WHAT YOU SHOULD DO
Below is a listing. Return the lines from the one that contains "Citroën DS3 2010" to the one that contains "Lululemon T.H.E. Short", both ends included, verbatim and with no pictures.

PROVIDED INFORMATION
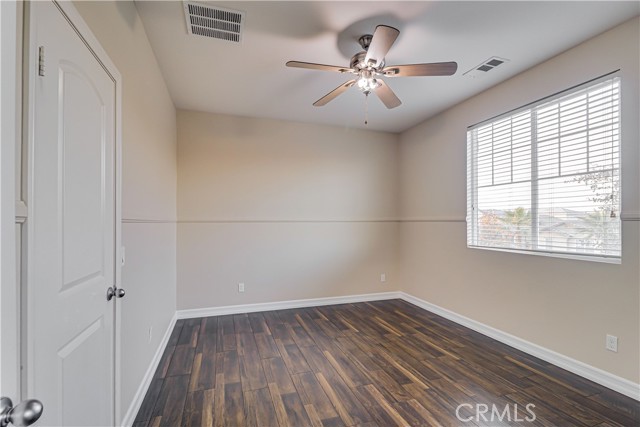 Detail Gallery Image 30 of 44 For 5005 Silvery Jewel, Bakersfield,  CA 93313 - 5 Beds | 3/1 Baths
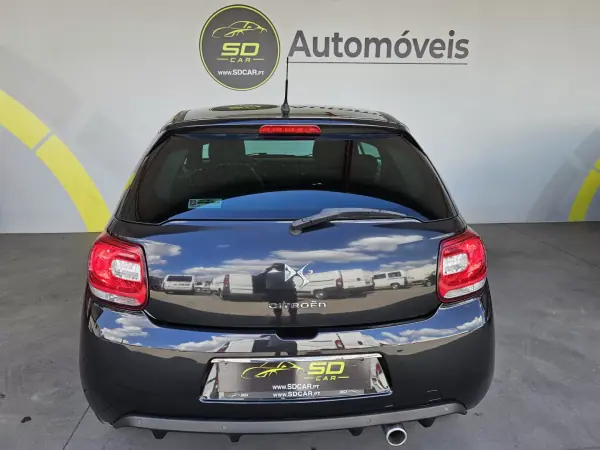 Citroën DS3 2010 - 6750 EUR, 125000 km - AUTO.MOTO.pt - 125000km - foto 4 de 9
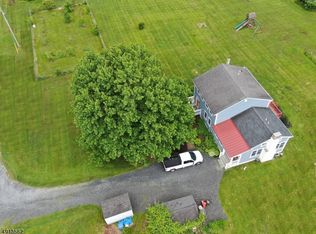 398 Oak Grove Rd, Kingwood Twp, NJ 08825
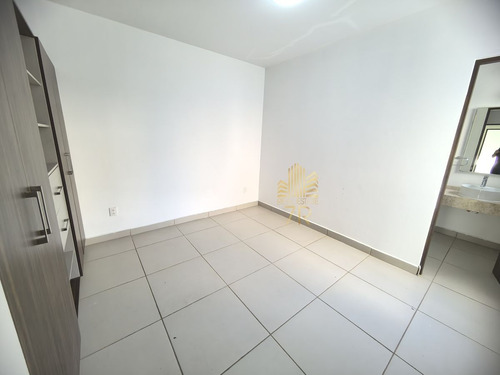 Casa En Venta En Zibata Con 3 Recámaras Y Baño Privado Cada Una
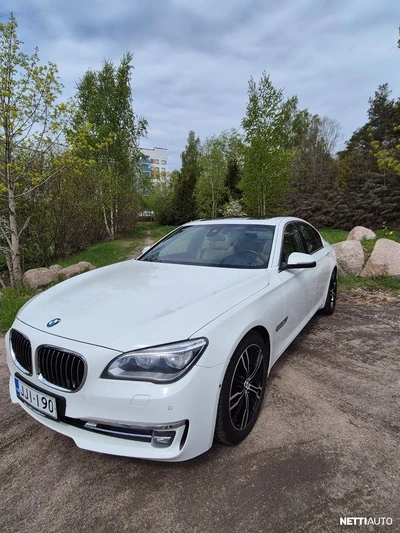 BMW 740 Xdrive 2013, kuva 2/14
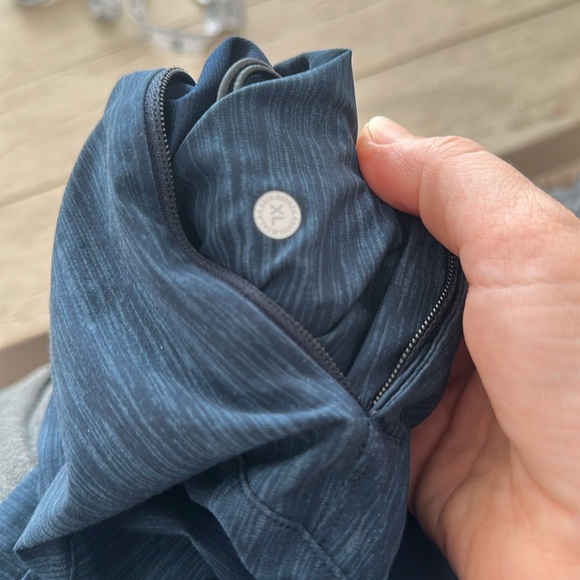 Lululemon T.H.E. Short 9" *Liner
Heather Allover Iron Blue True Navy XL - Picture 3 of 7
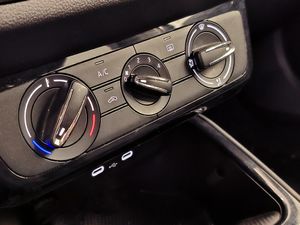 Skoda Fabia 10 Tsi 95 Cv Selection  - Foto 16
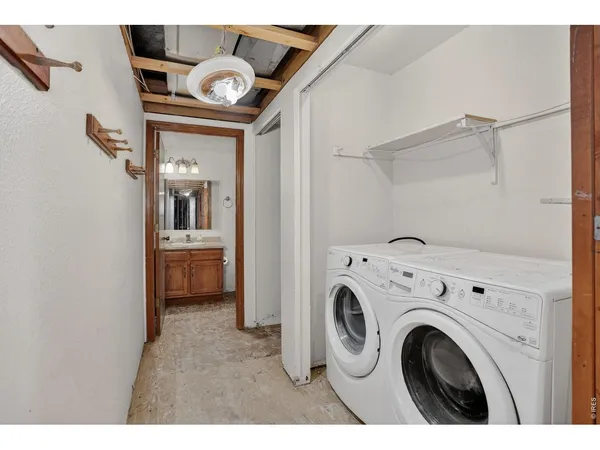 a view of entryway with washer and dryer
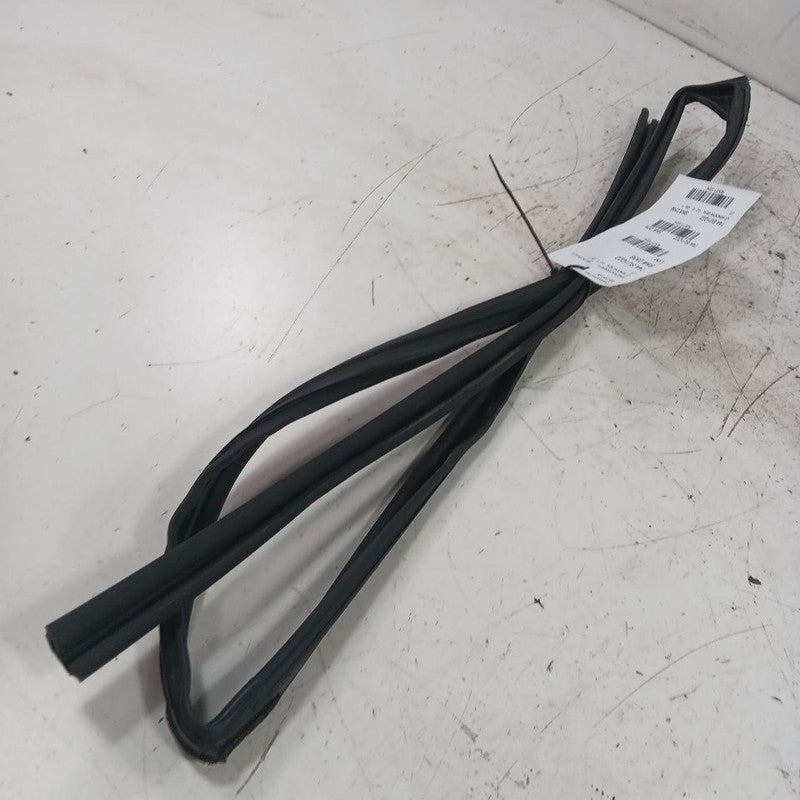 Outback Legacy Door Glass Window Seal Rubber Left Driver Front 2022 20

SOLUTION FOR THIS TASK
 Citroën DS3 2010 - 6750 EUR, 125000 km - AUTO.MOTO.pt - 125000km - foto 4 de 9
 398 Oak Grove Rd, Kingwood Twp, NJ 08825
 Casa En Venta En Zibata Con 3 Recámaras Y Baño Privado Cada Una
 BMW 740 Xdrive 2013, kuva 2/14
 Lululemon T.H.E. Short 9" *Liner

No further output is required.